DATA UNDER STUDY START

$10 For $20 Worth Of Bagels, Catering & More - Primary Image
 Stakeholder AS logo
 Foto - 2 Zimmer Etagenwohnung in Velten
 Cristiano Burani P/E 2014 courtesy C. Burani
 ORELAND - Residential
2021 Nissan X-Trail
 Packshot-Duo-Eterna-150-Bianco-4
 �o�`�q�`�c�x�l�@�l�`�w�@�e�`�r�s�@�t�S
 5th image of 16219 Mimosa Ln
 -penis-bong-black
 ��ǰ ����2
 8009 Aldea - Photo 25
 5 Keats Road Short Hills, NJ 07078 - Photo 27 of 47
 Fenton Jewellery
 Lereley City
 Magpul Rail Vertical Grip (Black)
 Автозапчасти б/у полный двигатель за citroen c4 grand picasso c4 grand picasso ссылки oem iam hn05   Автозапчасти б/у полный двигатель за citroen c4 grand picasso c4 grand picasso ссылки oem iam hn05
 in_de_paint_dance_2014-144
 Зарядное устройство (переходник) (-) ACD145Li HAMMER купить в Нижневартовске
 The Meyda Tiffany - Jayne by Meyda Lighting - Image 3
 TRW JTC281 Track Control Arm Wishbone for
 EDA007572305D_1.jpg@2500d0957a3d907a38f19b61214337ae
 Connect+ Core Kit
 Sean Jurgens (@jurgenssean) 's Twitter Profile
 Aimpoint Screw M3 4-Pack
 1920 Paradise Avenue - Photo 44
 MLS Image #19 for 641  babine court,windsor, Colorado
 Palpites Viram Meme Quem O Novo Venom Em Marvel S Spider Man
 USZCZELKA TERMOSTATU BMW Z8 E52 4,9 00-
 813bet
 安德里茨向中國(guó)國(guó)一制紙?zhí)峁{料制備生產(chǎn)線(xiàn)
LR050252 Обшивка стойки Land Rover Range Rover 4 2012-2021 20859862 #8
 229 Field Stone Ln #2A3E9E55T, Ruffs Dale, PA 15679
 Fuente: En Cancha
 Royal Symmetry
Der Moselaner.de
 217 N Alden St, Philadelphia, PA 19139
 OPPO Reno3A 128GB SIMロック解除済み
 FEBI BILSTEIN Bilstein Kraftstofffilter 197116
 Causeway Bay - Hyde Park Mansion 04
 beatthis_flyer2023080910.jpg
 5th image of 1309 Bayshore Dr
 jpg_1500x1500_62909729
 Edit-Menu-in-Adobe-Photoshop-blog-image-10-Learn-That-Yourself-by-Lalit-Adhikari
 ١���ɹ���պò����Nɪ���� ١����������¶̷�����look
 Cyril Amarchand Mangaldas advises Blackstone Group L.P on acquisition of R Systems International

DATA UNDER STUDY END

=== TASK BRIEF ===
Retype the data. Every line must match the original exactly.

=== TASK RESULT ===
$10 For $20 Worth Of Bagels, Catering & More - Primary Image
 Stakeholder AS logo
 Foto - 2 Zimmer Etagenwohnung in Velten
 Cristiano Burani P/E 2014 courtesy C. Burani
 ORELAND - Residential
2021 Nissan X-Trail
 Packshot-Duo-Eterna-150-Bianco-4
 �o�`�q�`�c�x�l�@�l�`�w�@�e�`�r�s�@�t�S
 5th image of 16219 Mimosa Ln
 -penis-bong-black
 ��ǰ ����2
 8009 Aldea - Photo 25
 5 Keats Road Short Hills, NJ 07078 - Photo 27 of 47
 Fenton Jewellery
 Lereley City
 Magpul Rail Vertical Grip (Black)
 Автозапчасти б/у полный двигатель за citroen c4 grand picasso c4 grand picasso ссылки oem iam hn05   Автозапчасти б/у полный двигатель за citroen c4 grand picasso c4 grand picasso ссылки oem iam hn05
 in_de_paint_dance_2014-144
 Зарядное устройство (переходник) (-) ACD145Li HAMMER купить в Нижневартовске
 The Meyda Tiffany - Jayne by Meyda Lighting - Image 3
 TRW JTC281 Track Control Arm Wishbone for
 EDA007572305D_1.jpg@2500d0957a3d907a38f19b61214337ae
 Connect+ Core Kit
 Sean Jurgens (@jurgenssean) 's Twitter Profile
 Aimpoint Screw M3 4-Pack
 1920 Paradise Avenue - Photo 44
 MLS Image #19 for 641  babine court,windsor, Colorado
 Palpites Viram Meme Quem O Novo Venom Em Marvel S Spider Man
 USZCZELKA TERMOSTATU BMW Z8 E52 4,9 00-
 813bet
 安德里茨向中國(guó)國(guó)一制紙?zhí)峁{料制備生產(chǎn)線(xiàn)
LR050252 Обшивка стойки Land Rover Range Rover 4 2012-2021 20859862 #8
 229 Field Stone Ln #2A3E9E55T, Ruffs Dale, PA 15679
 Fuente: En Cancha
 Royal Symmetry
Der Moselaner.de
 217 N Alden St, Philadelphia, PA 19139
 OPPO Reno3A 128GB SIMロック解除済み
 FEBI BILSTEIN Bilstein Kraftstofffilter 197116
 Causeway Bay - Hyde Park Mansion 04
 beatthis_flyer2023080910.jpg
 5th image of 1309 Bayshore Dr
 jpg_1500x1500_62909729
 Edit-Menu-in-Adobe-Photoshop-blog-image-10-Learn-That-Yourself-by-Lalit-Adhikari
 ١���ɹ���պò����Nɪ���� ١����������¶̷�����look
 Cyril Amarchand Mangaldas advises Blackstone Group L.P on acquisition of R Systems International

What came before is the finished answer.